For example: Free Space 7.68 TB Round down to 7 TB Divide by 2 to 3.5 TB Divide by the number of agent nodes you're going to run per snowball, in this case 6, so 597.3 GB Round to 600 GB
We will want to mount in an additional volume to /var/lib/rook. This volume can be relatively small as it only requires to house the internal database rook-ceph needs. 100 GB should more than cover it.
We may want to mount in an additional volume for /var/log if your AMI doesn't have sufficient space. This will be dependent on the AMI that we're incorporating.

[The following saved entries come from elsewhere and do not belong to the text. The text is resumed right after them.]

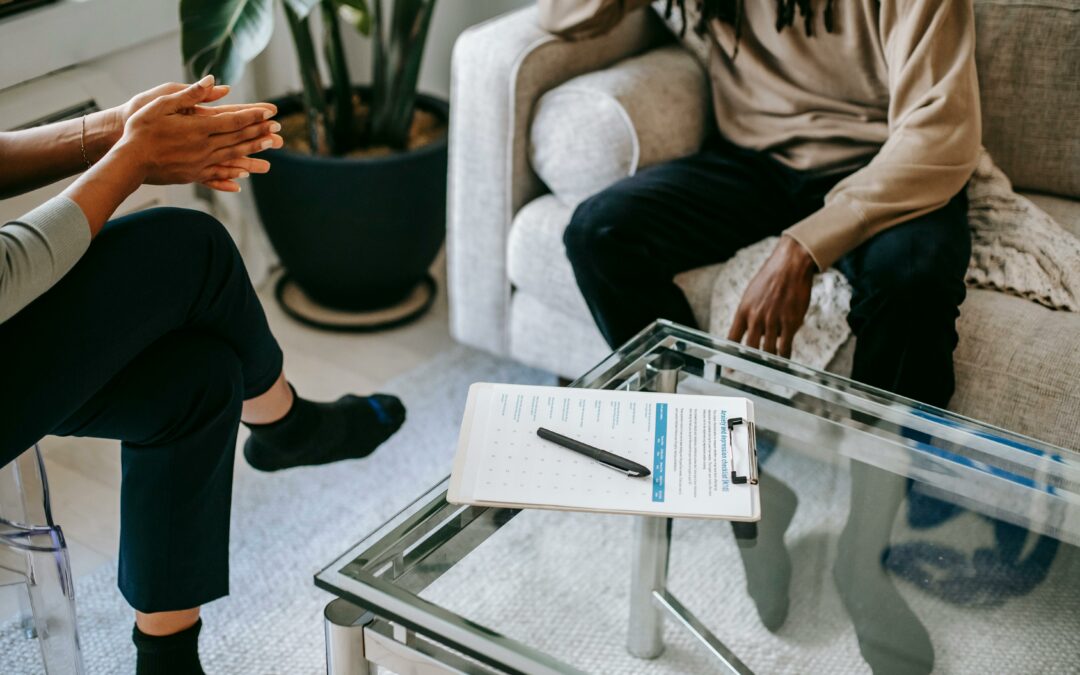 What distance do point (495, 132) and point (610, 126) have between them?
20 centimetres

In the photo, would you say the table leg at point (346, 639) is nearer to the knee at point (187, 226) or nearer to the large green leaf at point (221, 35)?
the knee at point (187, 226)

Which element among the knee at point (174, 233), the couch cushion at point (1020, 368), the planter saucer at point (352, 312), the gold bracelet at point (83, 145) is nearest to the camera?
the knee at point (174, 233)

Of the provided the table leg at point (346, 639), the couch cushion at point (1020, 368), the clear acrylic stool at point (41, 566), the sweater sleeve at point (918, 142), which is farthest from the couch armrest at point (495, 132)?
the table leg at point (346, 639)

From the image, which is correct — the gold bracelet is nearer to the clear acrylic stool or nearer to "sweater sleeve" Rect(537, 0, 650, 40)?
the clear acrylic stool

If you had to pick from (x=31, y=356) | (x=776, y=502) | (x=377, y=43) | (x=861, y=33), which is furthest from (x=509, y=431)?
(x=377, y=43)

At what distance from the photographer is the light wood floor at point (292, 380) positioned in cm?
160

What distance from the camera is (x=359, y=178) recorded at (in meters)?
1.96

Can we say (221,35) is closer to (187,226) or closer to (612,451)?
(187,226)

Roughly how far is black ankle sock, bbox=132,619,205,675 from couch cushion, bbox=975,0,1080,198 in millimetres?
1374

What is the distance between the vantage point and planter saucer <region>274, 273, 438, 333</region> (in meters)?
2.16

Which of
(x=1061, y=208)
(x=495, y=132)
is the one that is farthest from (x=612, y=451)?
(x=1061, y=208)

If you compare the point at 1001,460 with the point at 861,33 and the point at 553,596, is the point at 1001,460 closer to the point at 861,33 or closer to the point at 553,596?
the point at 553,596

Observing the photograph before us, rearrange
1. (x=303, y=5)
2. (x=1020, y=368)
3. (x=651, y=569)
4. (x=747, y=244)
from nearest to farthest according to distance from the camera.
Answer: (x=651, y=569), (x=1020, y=368), (x=747, y=244), (x=303, y=5)

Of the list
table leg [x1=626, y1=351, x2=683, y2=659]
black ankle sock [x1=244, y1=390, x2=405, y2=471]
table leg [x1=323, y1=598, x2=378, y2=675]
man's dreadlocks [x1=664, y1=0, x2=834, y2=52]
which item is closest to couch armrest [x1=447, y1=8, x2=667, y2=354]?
man's dreadlocks [x1=664, y1=0, x2=834, y2=52] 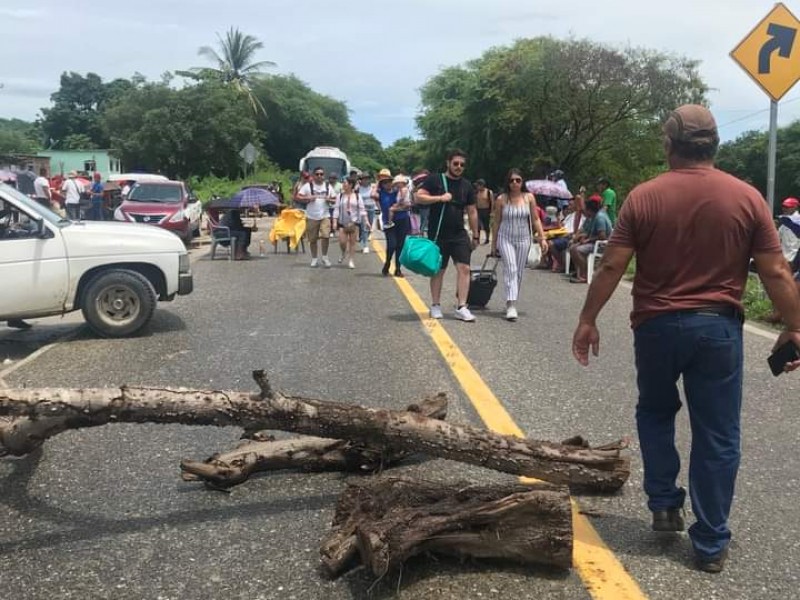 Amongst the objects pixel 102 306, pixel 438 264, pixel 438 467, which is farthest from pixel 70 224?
pixel 438 467

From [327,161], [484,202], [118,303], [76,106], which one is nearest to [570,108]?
[327,161]

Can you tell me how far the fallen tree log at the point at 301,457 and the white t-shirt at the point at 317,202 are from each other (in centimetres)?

Plan Your IP Addressing and DNS Names
Each node will end up needing two IP addresses: one for the Virtual Network Interface (VNI) and one for the Direct Network Interface (DNI). Work with the SI to come up with an IP addressing scheme that will be "easy" and not cause problems. Keep in mind you'll need some addresses for the Virtual IPs (VIP) we'll assign to the "load balancers" created by kube-vip later.
Example:
control-plane-0.test.example.com:
- VNI: 10.0.0.100
- DNI: 10.0.0.200
control-plane-1.test.example.com:
- VNI: 10.0.0.101
- DNI: 10.0.0.201
control-plane-2.test.example.com:
- VNI: 10.0.0.102
- DNI: 10.0.0.202
agent-0.test.example.com:
- VNI: 10.0.0.110
- DNI: 10.0.0.210
...
agent-35.test.example.com:
VNI: 10.0.0.145
DNI: 10.0.0.245
Control Plane VIP: 10.0.0.250 Istio Ingress Gateway VIP: 10.0.0.251 Additional VIP?: 10.0.0.252
Configure the Snowball Timeserver
Clustered systems do not operate properly if they have a large time skew. We need to ensure the clocks are synched properly. It matters less if the time is accurate, but it must be consistent between the systems. You can configure the timeserver for the Snowballs, which will in turn configure the clocks on the systems we're deploying. The full documentation for configuring NTP can be found on page here and here or starting on page 121 and 143 of the AWS Snowball PDF.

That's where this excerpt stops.